Kasus WA adalah pil pahit dari Negara untuk warganya dengan melanggengkan efek jera kepada korban kekerasan seksual melalui penghukuman. Korban dan orang tuanya didera ketakutan untuk melaporkan kekerasan seksual yang terjadi maupun memeriksakan kondisi kehamilannya, termasuk mendapatkan akses layanan aborsi aman.
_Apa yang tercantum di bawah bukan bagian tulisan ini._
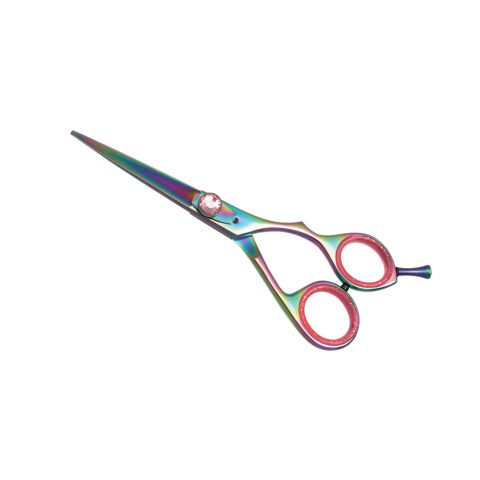 Barber Scissors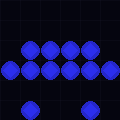 45.167.117.19
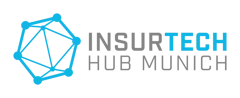 InsurTechHub Munich e.V.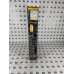 Alpha Servo Drive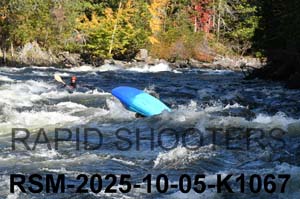 RSM-2025-10-05-K1067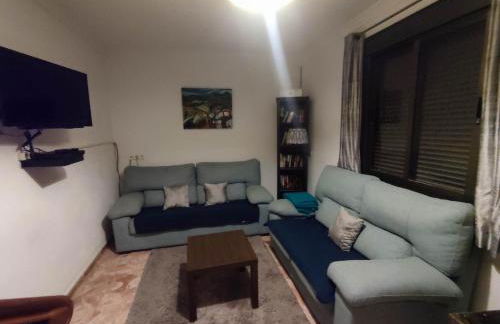 Casa Blanca w sercu Andaluzji / Finca / Village House - Foto 5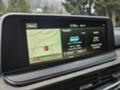 Kia Telluride 3. 8 V6 GDi AWD, снимка 13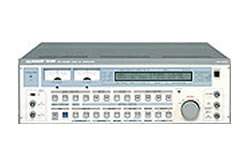 5610B NF Corporation Lock In Amplifier New-ValueTronics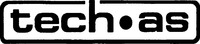 tech.as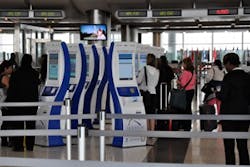 Ir3p1144895xuvdakc4n0sr2220fv9 11317330 Ir3p1144895xuvdakc4n0sr2220fv9 11317330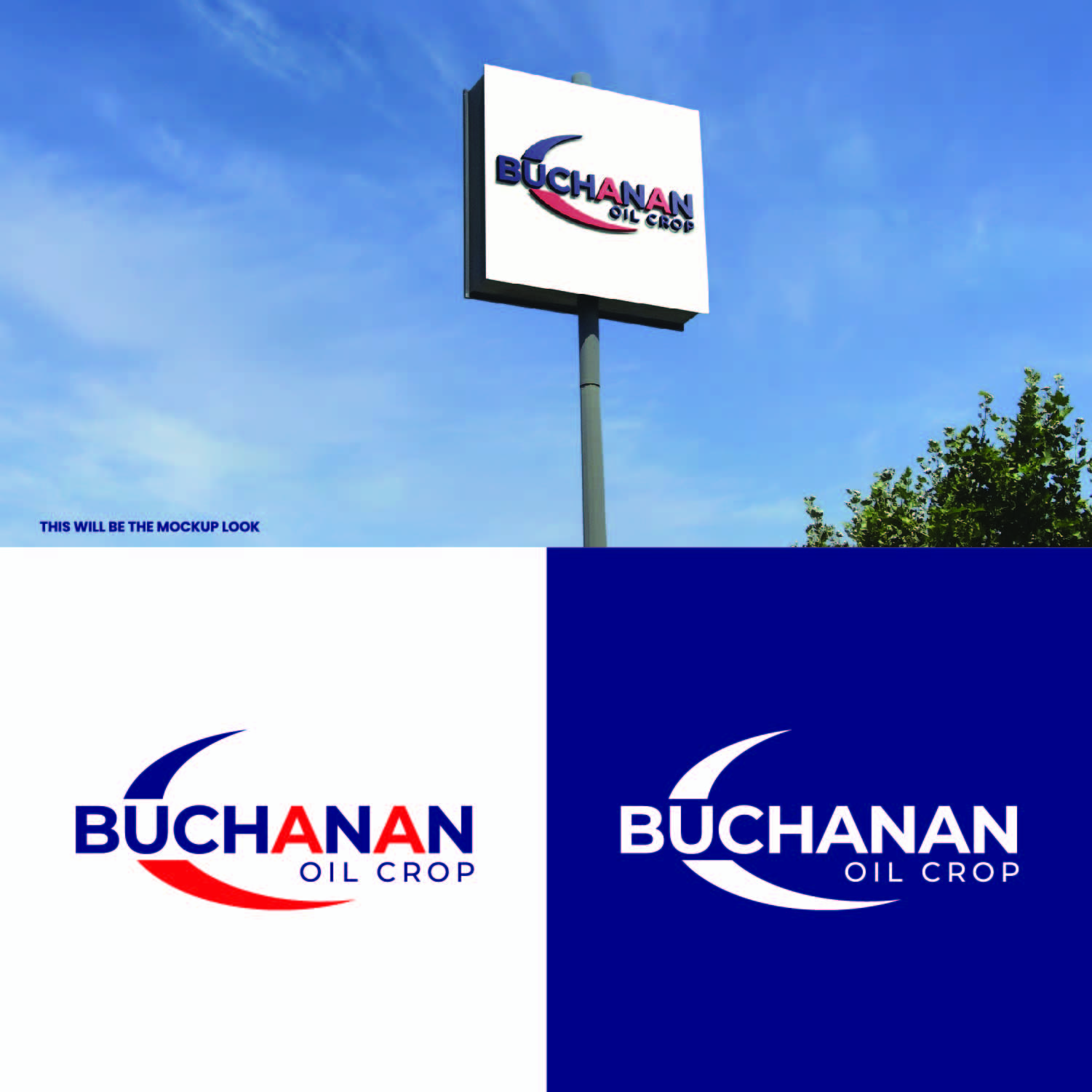 Design de Logo par nthamali85 pour ce projet | Design #31103691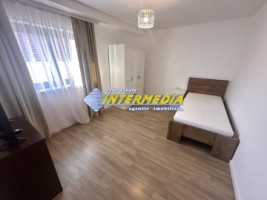 casa-noua-de-inchiriat-finisata-complet-mobilata-in-alba-iulia-cetate-15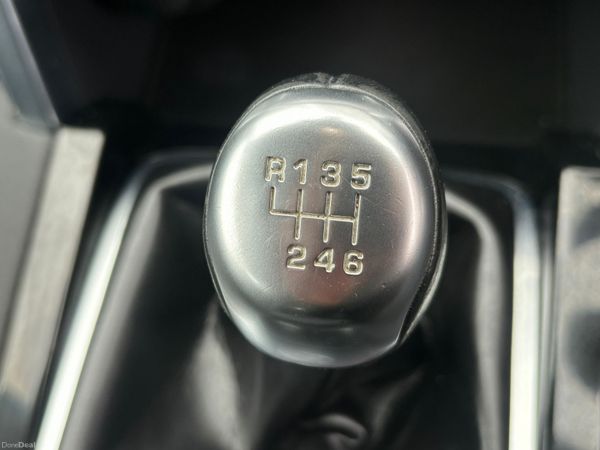 2020(201) Land Rover Discovery Sport 7 Seat 335099554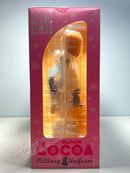 EMONTOYS COCOA Military uniform Ver. - Is the Order A Rabbit? 1/7 Scale Figure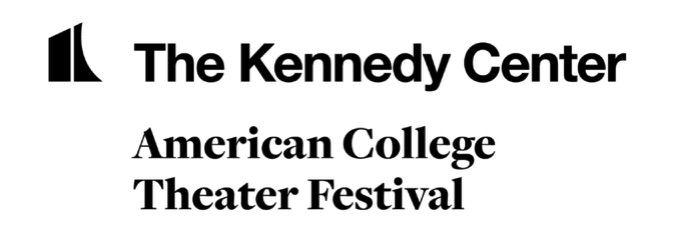 Actf Logo - KCACTF Sponsorship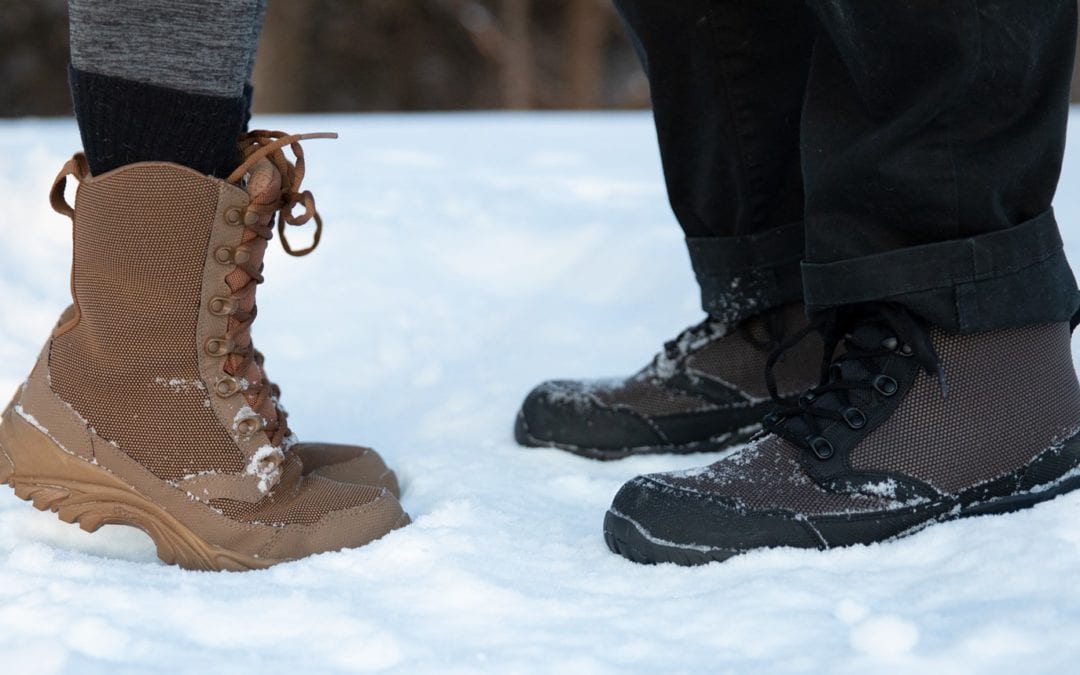 ALTAI™ Be My Valentine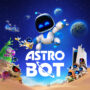 All Astro Bot Cameos and Where to Unlock Them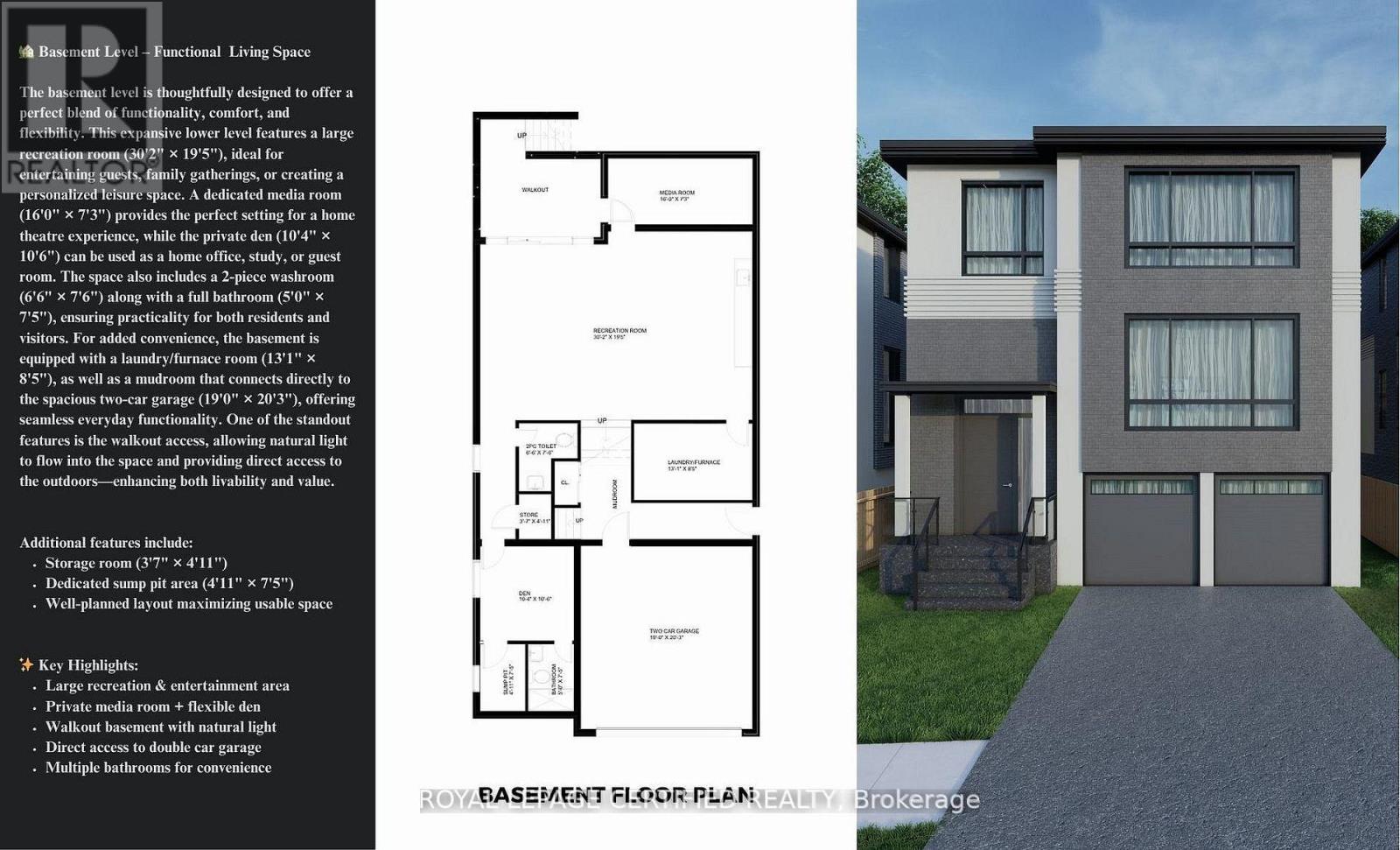 336 King Street E, Mississauga, Ontario  L5A 2P4 - Photo 7 - W13152642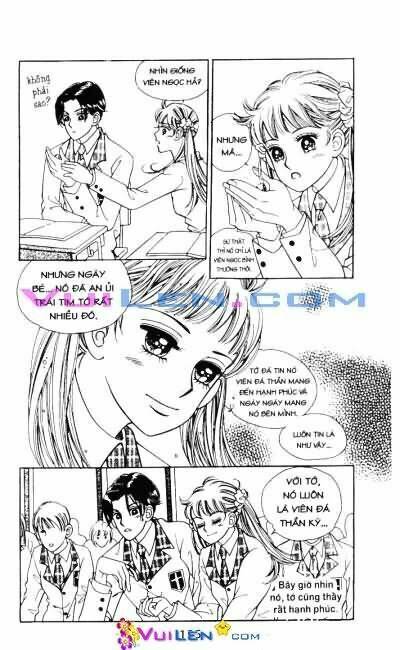 hợp đồng nô lệ chapter 6 155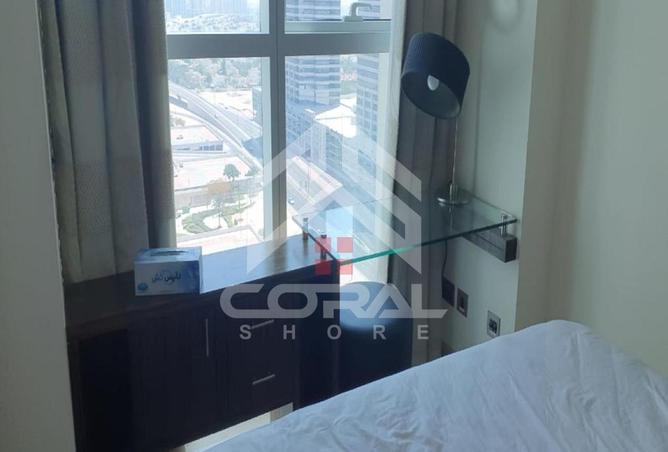 56556078 - الصورة الرئيسية للعقار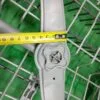 SPPKQUkiye2-_npQnfkFX6Qp6zHNVQL1okGWWrVtzPLSaIC4DiE5hY08MSKtoGASqIMvVwV9w5PedCLmG1KrbKuB Верхняя корзина Bosch Kuppersbusch 773404 для пмм 60см.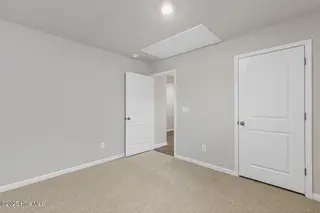 4006 Topsail Trail, New Bern, NC 28560 – photo 18: 4003 Atlantic Avenue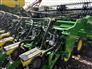 John Deere 2024 DB60 Planters
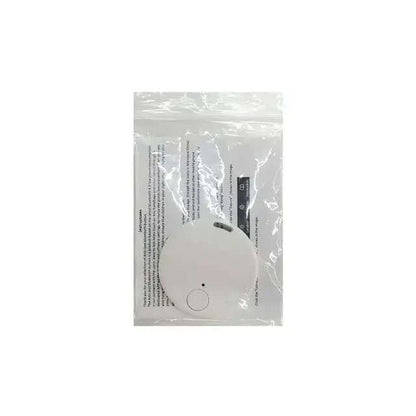 Mini traceur GPS Bluetooth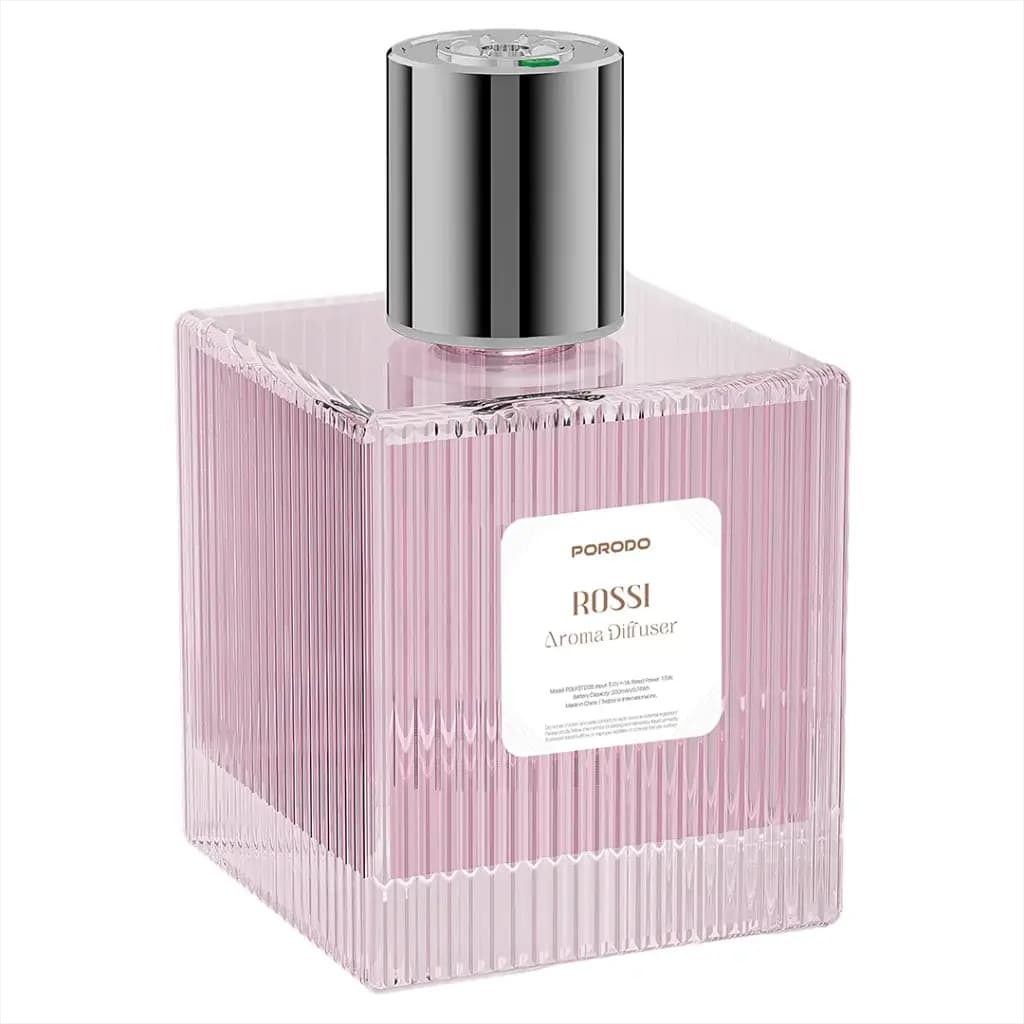 Porodo Rossi Aroma Diffuser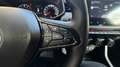 Renault Clio Blue dCi Equilibre 74kW Blanc - thumbnail 11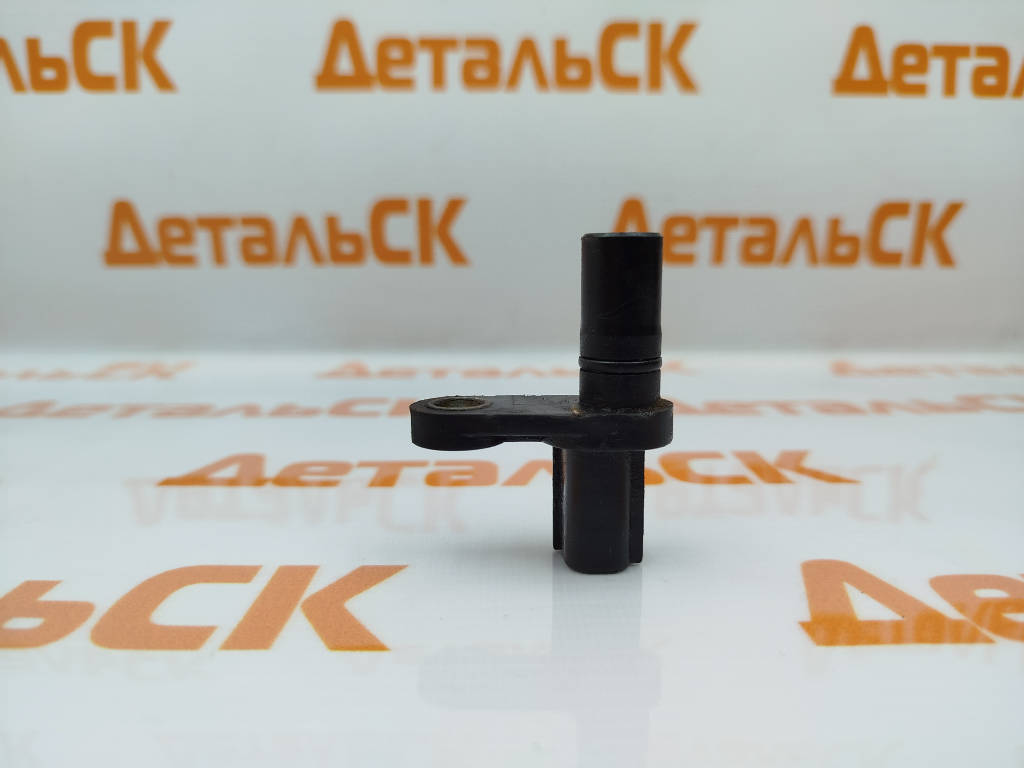 Датчик скорости АКПП 89413-08020 Toyota Camry MCV30L 1MZFE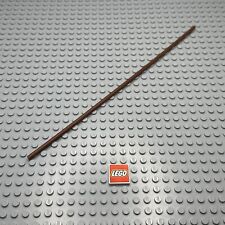 Lego schlauch technic gebraucht kaufen  Rielasingen-Worblingen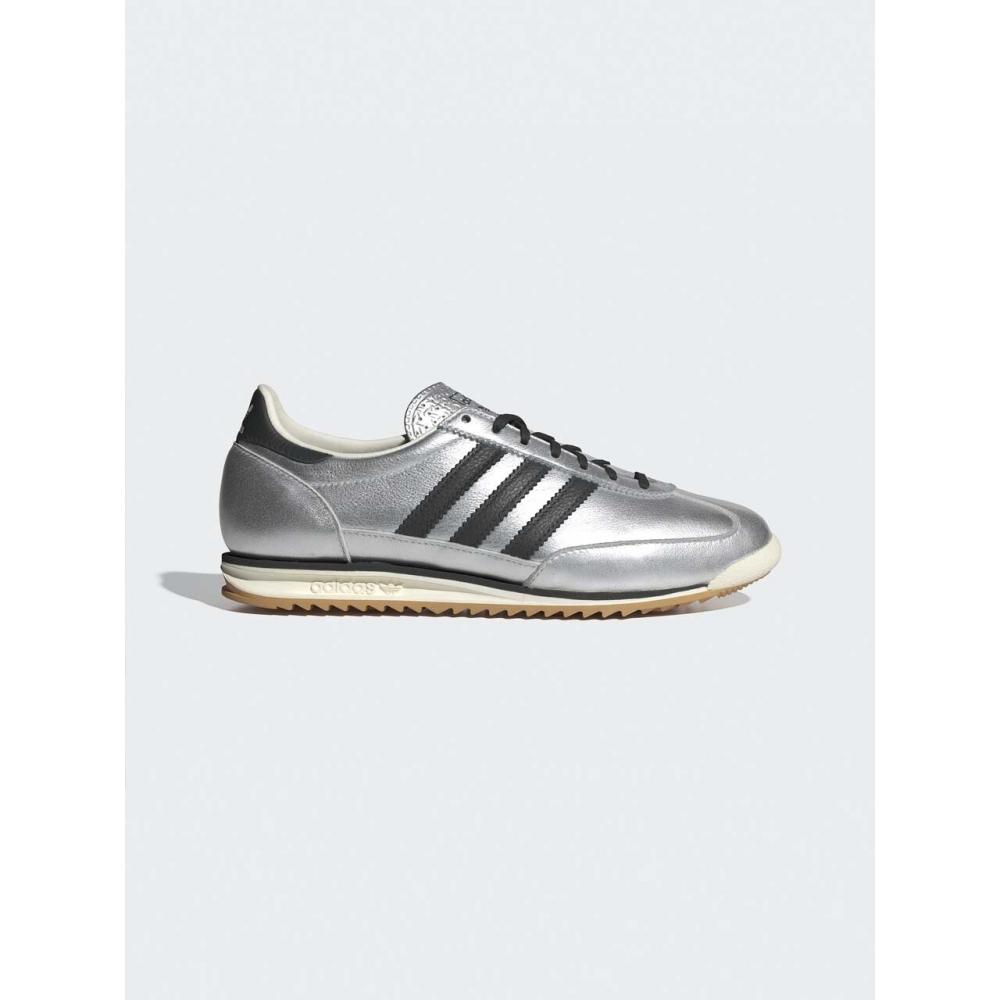 ADIDAS SL 72 OG W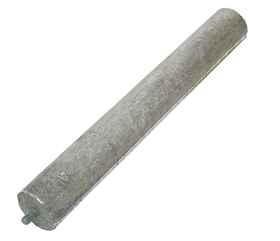 ANODE 25,5x190mm M5x10mm – MTS 65150086 OAMTS301UN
Sementara itu, di sisi lain putusan hakim yang tidak berperikemanusiaan dan bias hukum semakin menempatkan perempuan dalam jurang kriminalisasi.
RKUHP diharapkan akan menjadi oasis ke depannya yang dapat mengurangi efek jera terhadap hal-hal yang berkaitan dangan seksualitas. Namun hal tersebut rasanya tidak dapat terjadi jika rancangan di dalam draft KUHP baru ini masih mengkriminalisasi perempuan untuk memperoleh akses informasi dan layanan kesehatan reproduksi komprehensif, termasuk aborsi aman.